[TASK TO COMPLETE] Copy down the listing below exactly. Do not include pictures.

[DATA]
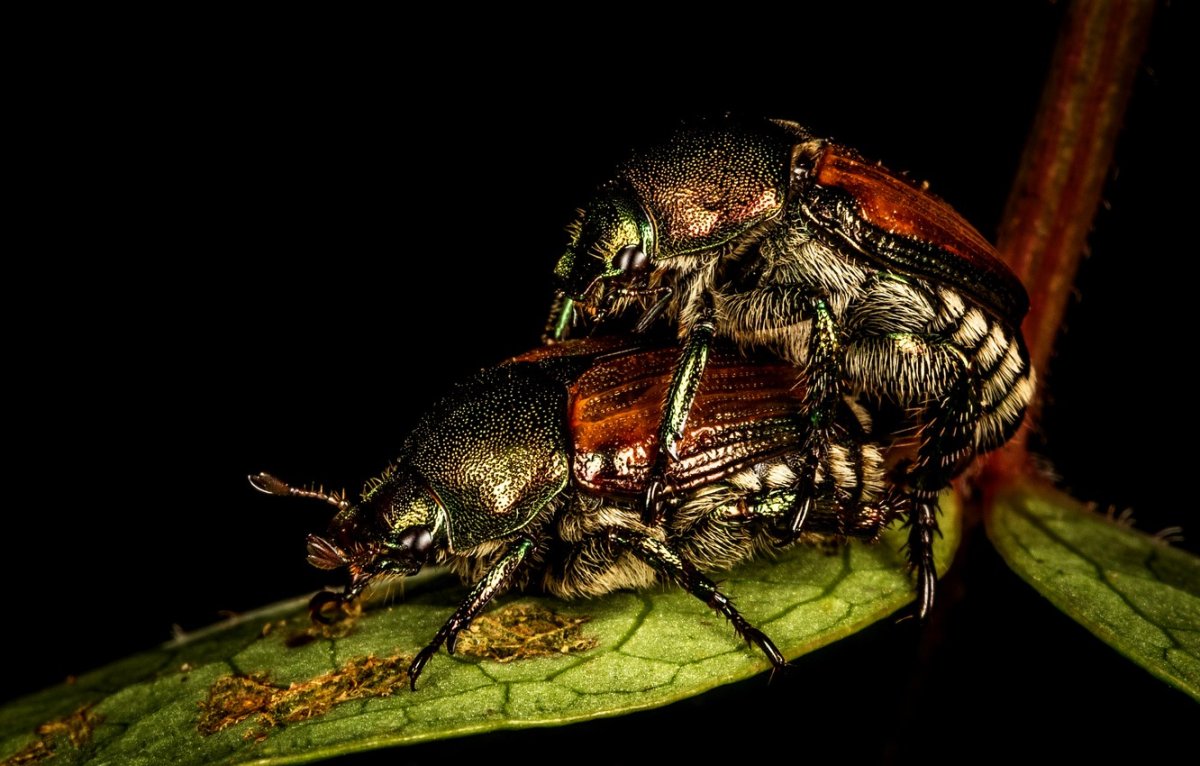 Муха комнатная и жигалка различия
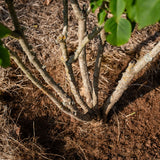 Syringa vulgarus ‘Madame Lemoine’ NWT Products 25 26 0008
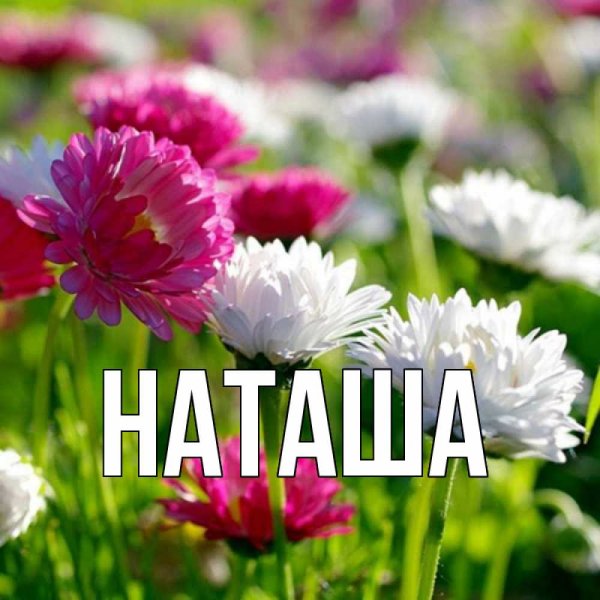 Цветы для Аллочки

[WRITTEN ANSWER]
 Муха комнатная и жигалка различия
 Syringa vulgarus ‘Madame Lemoine’ NWT Products 25 26 0008
 Цветы для Аллочки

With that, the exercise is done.